Tahir Canan'ın konuşmasından bazı satır başları şöyle:

"Geçmiş dönemlere bakınca Kürt sorununun çözümü çerçevesinde girilen yol heyecan verici gözüküyordu. Barış oluşursa çok önemli katkı sunacak. Emekle sermaye arasındaki çelişki daha da netleşecek. O açıdan da önemli.

"Ama ülkenin demokratikleşmesi bakımından değerlendirince, samimi bir 12 Eylül yargılaması yapılmıyorsa, 17 bin faili meçhul cinayetin sorumluları yargılanmıyorsa, hukuksuzluk devam ediyorsa demokratikleşme sadece söylem düzeyinde kalır."

'KENAN EVREN LAUBALİ BİR ŞEKİLDE YATAĞINDA İFADE VERİYOR'

"Bugün 12 Eylül davasında Kenan Evren’in yargılandığı söyleniyor ama aslında yargılanmıyor. Adam laubali şekilde hastane yatağında ifade veriyor. Oysa 12 Eylül’de yargılananların hepsi asker gibi hizaya dizilmek durumunda kalırdı. Bir çoğu tek tip kıyafetlerle mahkemeye çıkarılırdı. O şekilde yargılama yapılan bir dönemin mimarı bugün yatakta ifade veriyor. "
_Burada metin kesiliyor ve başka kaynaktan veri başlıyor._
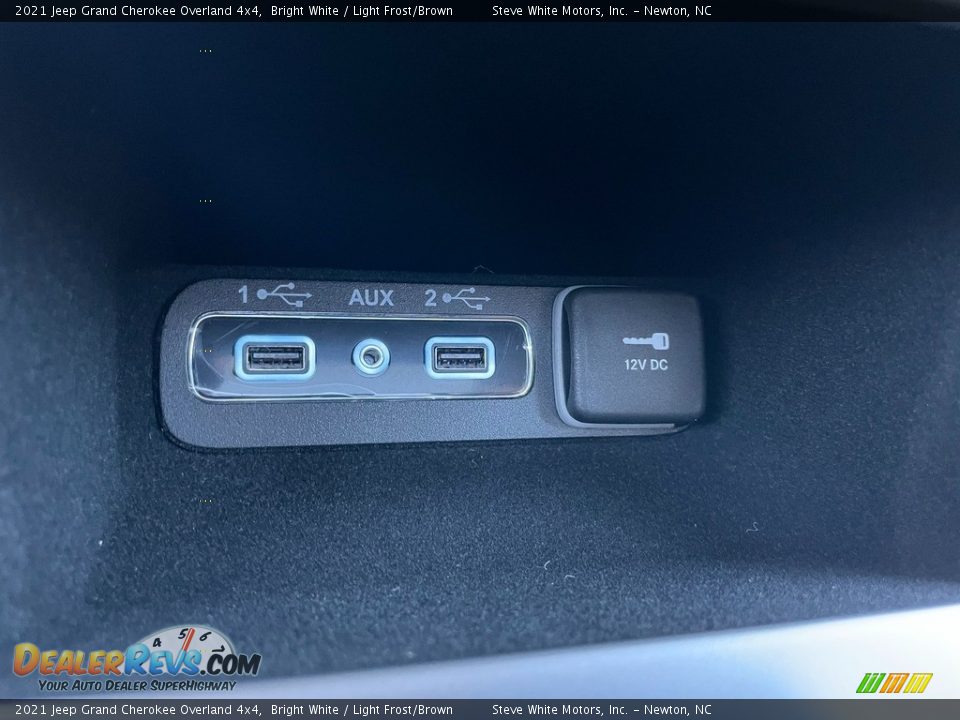 2021 Jeep Grand Cherokee Overland 4x4 Bright White / Light Frost/Brown Photo #29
'AĞAR'IN TUTUKLULUĞU BİR TEZGAHTI'

Sadece bir yıl cezaevinde kalarak tahliye edilen Mehmet Ağar'ın durumuna ilişkin de değerlendirmede bulunan Canan, "Bence onu zaten göstermelik olarak yargıladılar. Bir süreci kapatmak için hazırlanmış bir tezgâhtı," dedi ve konuşmasını şöyle sürdürdü:

"Ağar’ı yargılayacaksan, 'bin operasyonu' yargılayacaksın. Bin operasyonda kimler görev almış, kimin nerede ne parmağı var… Bunlara dokunulmadı. Ergenekon operasyonunda da faili meçhul cinayetlerden sorumlu isimler var. Ancak onlar yargılanmalarına rağmen bu cinayetlerden yargılanmıyorlar."